About this exercise:
Return exactly the lines below, starting with the one that has "Indoor foyer, wood" and going on through the one that has "Consumer nz website".

Exercise material:
--------------------------------

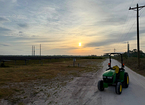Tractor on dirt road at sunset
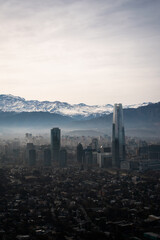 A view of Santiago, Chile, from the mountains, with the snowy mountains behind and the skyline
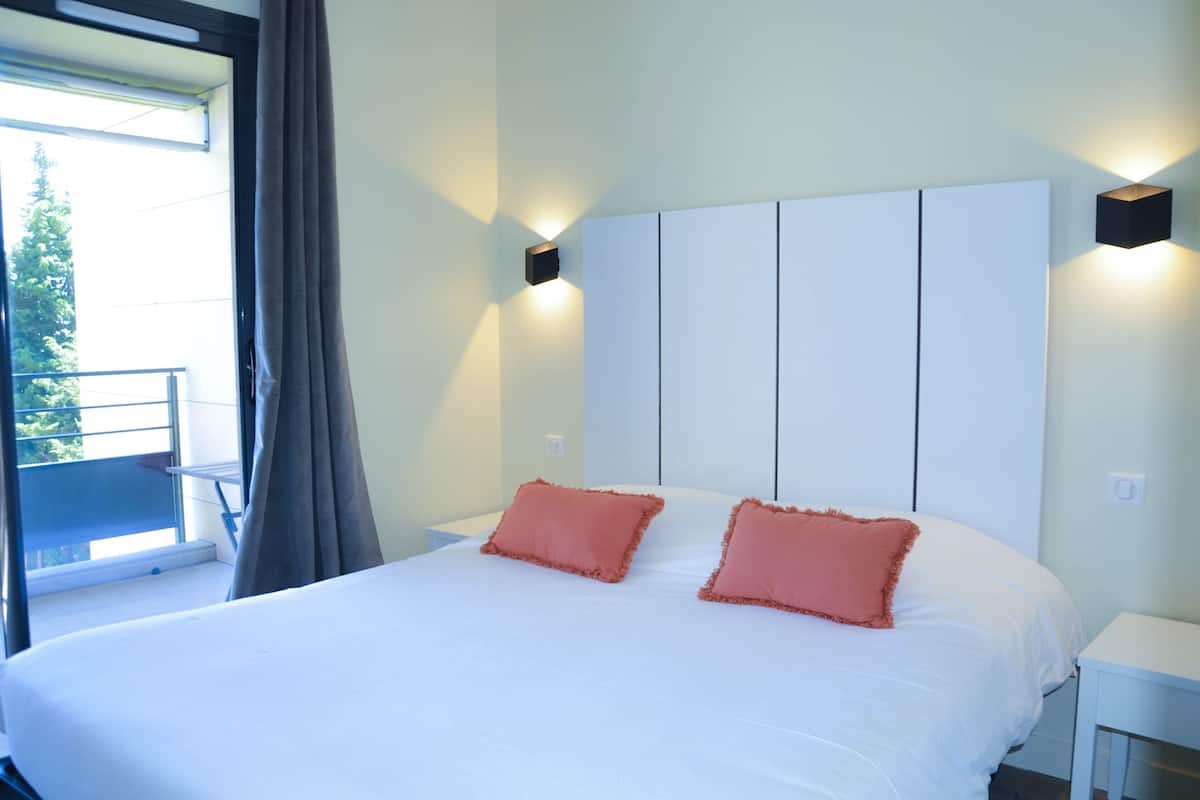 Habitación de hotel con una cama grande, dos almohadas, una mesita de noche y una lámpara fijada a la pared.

--------------------------------

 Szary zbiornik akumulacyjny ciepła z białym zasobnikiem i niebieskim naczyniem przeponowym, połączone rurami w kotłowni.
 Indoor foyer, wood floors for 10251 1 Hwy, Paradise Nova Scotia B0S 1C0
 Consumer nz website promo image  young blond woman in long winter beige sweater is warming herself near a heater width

--------------------------------

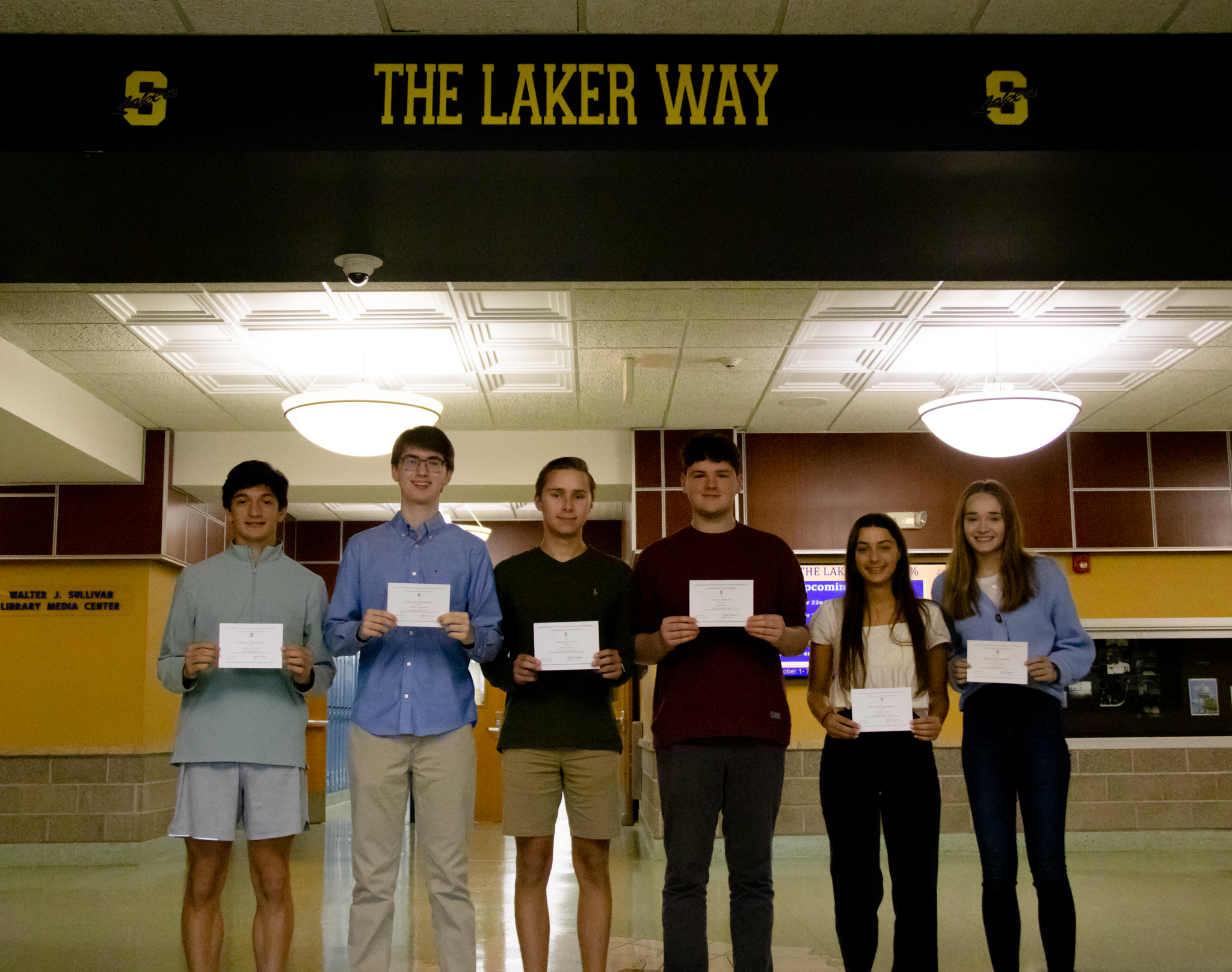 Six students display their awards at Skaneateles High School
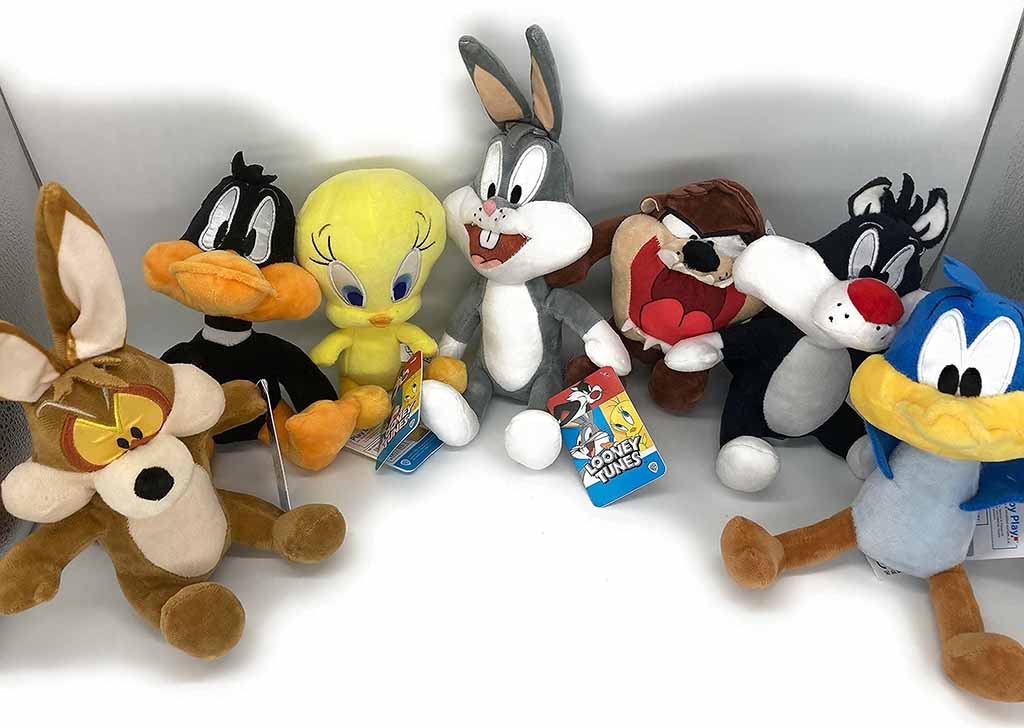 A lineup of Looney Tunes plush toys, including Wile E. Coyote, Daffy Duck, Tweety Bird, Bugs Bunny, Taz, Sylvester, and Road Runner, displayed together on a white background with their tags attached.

--------------------------------

Output for this task:
 Indoor foyer, wood floors for 10251 1 Hwy, Paradise Nova Scotia B0S 1C0
 Consumer nz website promo image  young blond woman in long winter beige sweater is warming herself near a heater width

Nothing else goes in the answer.